KechrisLab / multiMiR

Development repository for the multiMiR database's R API
Other
20 stars 3 forks source link

Entrez IDs in results table match to multiple genes #55

Closed mattbcvs closed 2 months ago

mattbcvs commented 10 months ago

Hi there,

Reporting what seems like an error in that I have multiple gene symbols in my predicted targets that match to the same Entrez ID.

801 matches to CALM1 (as expected https://www.ncbi.nlm.nih.gov/gene/?term=801%5Buid%5D) but also to CALM2 (seems an error: https://www.ncbi.nlm.nih.gov/gene/?term=805%5Buid%5D) and also CALM3 (seems an error https://www.ncbi.nlm.nih.gov/gene/808)

Seems a possible bug to fix?

Thanks, Matt

smahaffey commented 8 months ago

@mattbcvs Thank you. Yes I have struggled with IDs for each update as each source at this point may be using different versions of IDs some of which are quite out of date, so for some IDs multiple older IDs have merged or some IDs don't exist in current annotations.

With the next version once each source is loaded and sources that aren't being updated are copied over then I will make an attempt to find and resolve these types of errors.

If anyone would be willing to help beta test and help find some of these instances it would be extremely helpful. Just as you did, to mention specific genes that should not match but do in some instances. We can try to track these down and then find similar instances where this occurred to resolve these issues.

I have been able to develop scripts when the changes are more straight forward, but there may be many more that will require manually reviewing and then making appropriate changes to resolve these issues.

smahaffey commented 2 months ago

I have done what I can to resolve these types of issues in the database version 2.4. I expect to make the updated database public in the next day or two.
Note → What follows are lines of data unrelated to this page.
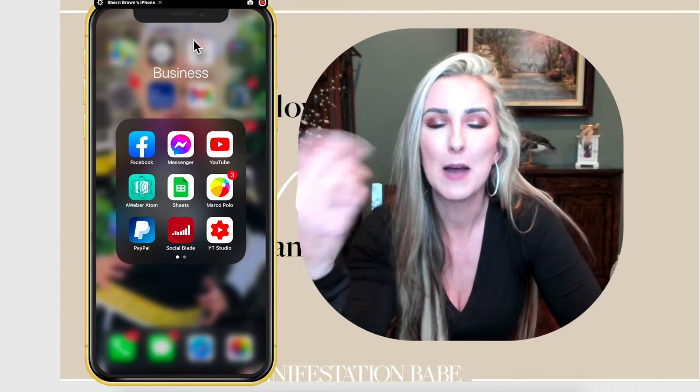Before we hop into it, in case you are new to me — I'm Sherri Brown and it's my passion to help newbie entrepreneurs get started building their business and brand online.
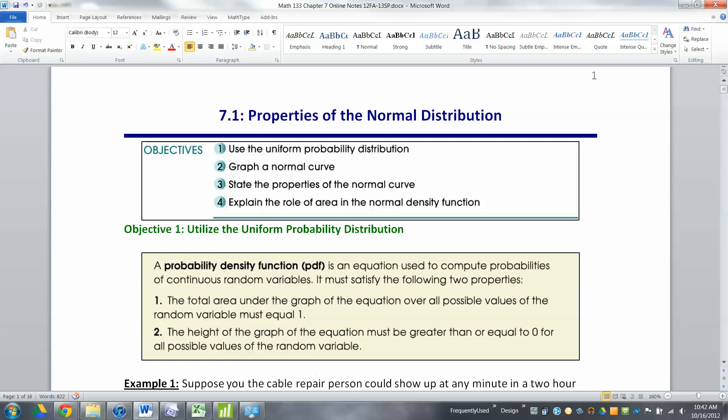To quote Obi-Wan Kenobi, we are going to take our first step into a much larger world in Chapter 7. We're going to start working exclusively with continuous distributions from here on to the end of the course. We're never going to work with discrete distributions again, for the most part.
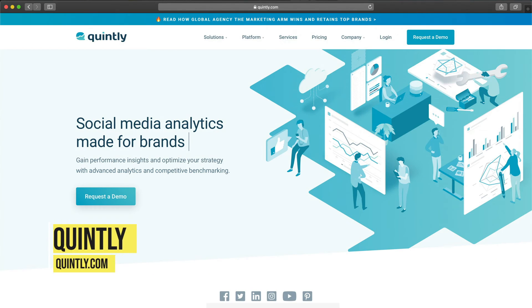Tool number ten is Quintly, which started back in 2010 and is used by big brands like Coca-Cola and Samsung. It lets you set KPIs, analyze them, and report on them. So if you're working in a corporate environment and need reports for your supervisors on how your social media accounts are doing, Quintly is a good tool. Given their positioning and high-profile clients, pricing starts at $300 per month.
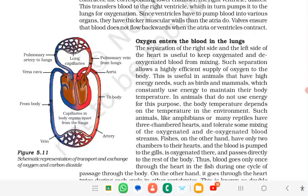The blood is then brought back through the pulmonary vein to the left side of the heart. The pulmonary vein brings the blood to the left atrium, which pushes it into the left ventricle. The left ventricle then pumps the oxygenated blood into the aorta, which supplies oxygenated blood to the different organs of the body.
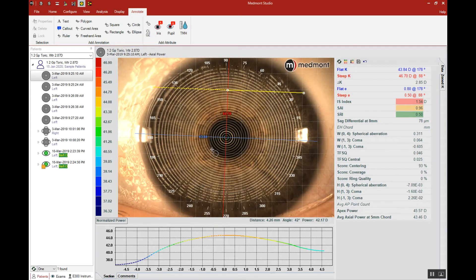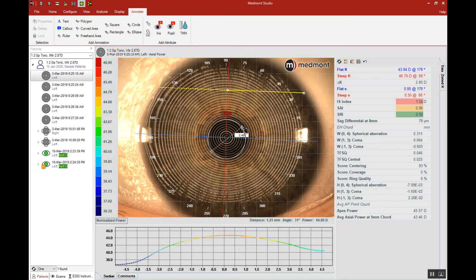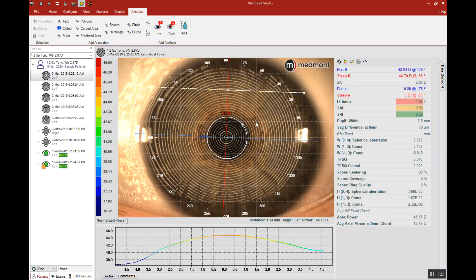We'll take that cursor and put it right on the border of where we believe the iris and pupil meet. Then we'll click and drag the circle across to the other side, making sure that we have the circle aligning for the most part 360 degrees around. Then we release and our pupil is defined — notice you have a 2.6 millimeter pupil.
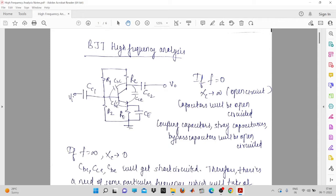If you are operating your system at low frequency, that means f will be tending towards zero. When f tends towards zero, XC will be tending towards infinity, and in that case your capacitors will be open circuited. So when you operate your circuit, these capacitors are not going to cause any harm to your operation and you will have a good gain. The coupling capacitors and stray capacitances will all get open circuited.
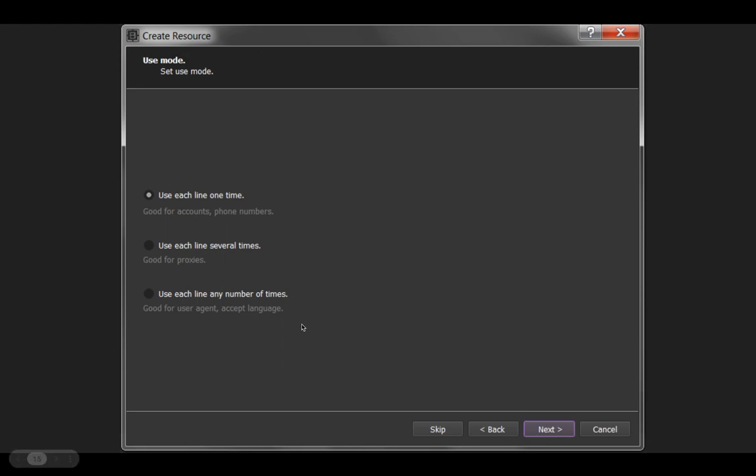This is how often you're going to reuse the content. The way I code my Browser Automation Studio projects, I always say one line at a time. It's simpler that way. You could use each line several times. As they say, good for proxies. We're working with proxies, and it works perfectly with one time. You can say use it any number of times. That's for more complicated projects.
There are still related issues where Gene Symbols link to multiple Entrez(NCBI) IDs or Ensembl IDs. Where possible I've been able to consolidate targets with missing information to the same target entry in the database. ID's that I have not been able to resolve usually involve Gene Symbols that link to multiple Entrez and Ensembl IDs. This generally occurs because of old IDs that have been discontinued in one of those databases or get split into multiple IDs etc.

Without time to manually curate these IDs there are few options. We can work to build a pipeline to look up each ID in the source database and try to replace it with the current ID. I think in most cases this can't be automated well because it isn't as straight forward and following linear links to a current ID.

I will work on modifying the R package by flagging results that when found by the ID used in the search may reflect partial or overly inclusive results depending on which ID is used to look up a gene or add an option to expand or limit the results based on target IDs used.